Posted: Thu Feb 27, 2020 12:02 pm
by TDub
The eminem approach

Re: who ya got?

Posted: Thu Feb 27, 2020 12:07 pm
by Shirley
defixione wrote: Thu Feb 27, 2020 11:59 am I would guess his numbers would soar if he could somehow expose his lingual liability in a self-deprecating way during a nationally televised debate or interview.
That occurred to me, too. And if Biden ends up with the nomination and has to debate Trump, who takes pleasure in making fun of people with disabilities, he definitely should think of a way to make his problem known.


Re: who ya got?

Posted: Thu Feb 27, 2020 12:17 pm
by Mjl
Thing is, he didn't use to have these issues in debates or interviews. He was always a gaffe machine, but the inability to finish thoughts is new

Re: who ya got?

Posted: Thu Feb 27, 2020 12:22 pm
by Deleted User 104
It's funny how right now the moderate left wants to get rid of Bernie, but they can't really do anything because it's going to piss off a huge voting base.

Re: who ya got?

Posted: Thu Feb 27, 2020 12:40 pm
by seahawk
Feral wrote: Thu Feb 27, 2020 11:45 am
TDub wrote:Because they can speak in complete sentences. They appear to know what the questions are in the debates instead of rambling incoherently and looking confused while misspeaking often...
I too cringe every time Biden gets hung up, but turns out, maybe I should admire him even more?

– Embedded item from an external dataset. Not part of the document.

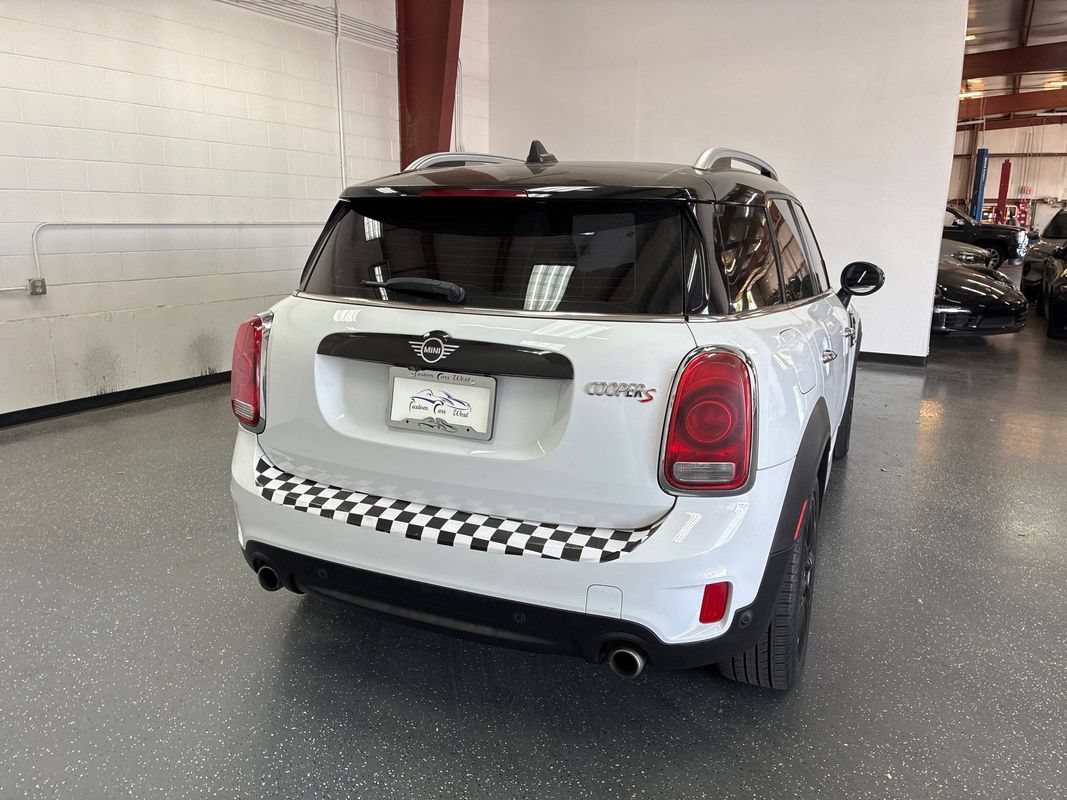 Used 2019 MINI Cooper Countryman S AWD/4WD image 4
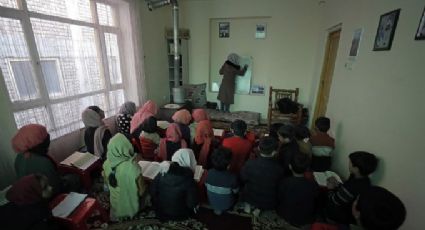 Fueron solo unas horas: Talibanes se retractan a abrir escuelas para niñas en Afganistán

What Joe Biden Can’t Bring Himself to Say

His verbal stumbles have voters worried about his mental fitness. Maybe they’d be more understanding if they knew he’s still fighting a stutter.

His eyes fall to the floor when I ask him to describe it. We’ve been tiptoeing toward it for 45 minutes, and so far, every time he seems close, he backs away, or leads us in a new direction. There are competing theories in the press, but Joe Biden has kept mum on the subject. I want to hear him explain it. I ask him to walk me through the night he appeared to lose control of his words onstage.

“I—um—I don’t remember,” Biden says. His voice has that familiar shake, the creak and the croak. “I’d have to see it. I-I-I don’t remember.”

We’re in Biden’s mostly vacant Washington, D.C., campaign office on an overcast Tuesday at the end of the summer. Since entering the Democratic presidential-primary race in April, Biden has largely avoided in-depth interviews. When I first reached out, in late June, his press person was polite but noncommittal: Was an interview really necessary for the story?

...Detroit was Biden’s chance to regain control of the narrative. And then something else happened. The candidates were talking about health care. At first, Biden sounded strong, confident, presidential: “My plan makes a limit of co-pay to be One. Thousand. Dollars. Because we—”

He stopped. He pinched his eyes closed. He lifted his hands and thrust them forward, as if trying to pull the missing sound from his mouth. “We f-f-f-f-further
support—” He opened his eyes. “The uh-uh-uh-uh—” His chin dipped toward his chest. “The-uh, the ability to buy into the Obamacare plan.” Biden also stumbled when trying to say immune system.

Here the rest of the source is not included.